Bereits seit vielen Jahren reisen Esoteriker nach Indien, um an der Weisheit einer uralten Kultur teilhaben zu können und den geeigneten Guru zu finden. Seit einiger Zeit gesellen sich zu diesen Pilgern die Wirtschaftsesoteriker, die Prediger und Wunderheiler des modernen Kapitalismus, die in Indien nach anderen Gurus fahnden, nach den coolsten Ingenieuren, den smartesten Softwareentwicklern und den redegewandtesten Telefonistinnen.

Während der Esoteriker häufig Jahrzehnte der Meditation benötigt, um der Erleuchtung teilhaftig zu werden, gelangt der Wirtschaftsesoteriker schneller zum Ziel. Thomas L. Friedmann, ein Kolumnist der New York Times, brauchte nach seiner Ankunft in Indien Anfang Juni nur wenige Tage, um die Wahrheit zu erkennen.

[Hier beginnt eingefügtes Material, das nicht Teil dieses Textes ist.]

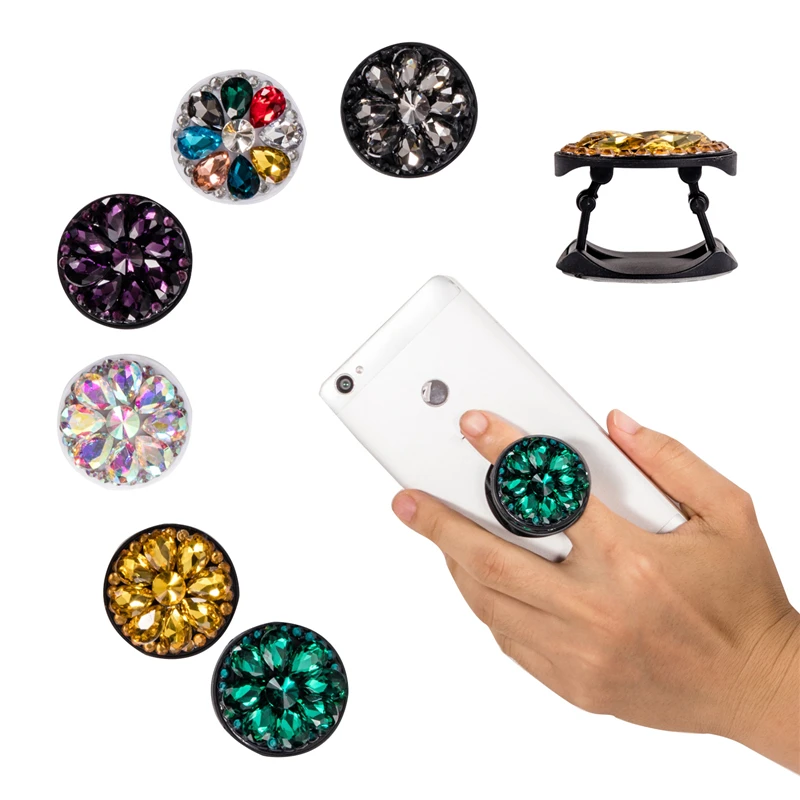Держатель Pocketsocket со стразами для IPhone X 7 Samsung Huawei|Подставки и держатели| |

Sofort entdeckte er den »unglaublichen Hunger«. Die Inder haben zu wenig zu essen? Hin und wieder vielleicht, die »verelendeten Slums« sind nun einmal schwer zu übersehen. Wichtiger aber ist der »Hunger nach Gelegenheiten«, den die junge Generation »nach vier Jahrzehnten Sozialismus« verspürt. Es ist ein Hunger, der die Grenzen von Raum und Zeit sprengt. Denn während »französische Wähler versuchen, die 35-Stunden-Woche zu erhalten«, sind indische Ingenieure »bereit, 35 Stunden am Tag zu arbeiten«. Schlechte Zeiten für Franzosen, die »ihren Appetit auf harte Arbeit verloren« haben.

Die Freude am Kapitalismus erfasse sogar die in Westbengalen regierenden Kommunisten. Als potenzielle Investoren ihnen erläuterten, dass sie nicht durch Streiks behelligt werden möchten, fanden sie schnell eine Lösung. Sie »erklärten die Arbeit in der Informationstechnologie zu einem ›wichtigen Dienst‹, so dass es für die Arbeiter illegal ist zu streiken«. So einfach kann die Arbeiterklasse nach Jahrzehnten der sozialistischen Knechtschaft befreit werden. Nun muss sich nur noch einer der unzähligen Götter der Hindus erbarmen und die Erddrehung verlangsamen, um den ersehnten 35-Stunden-Tag zu ermöglichen.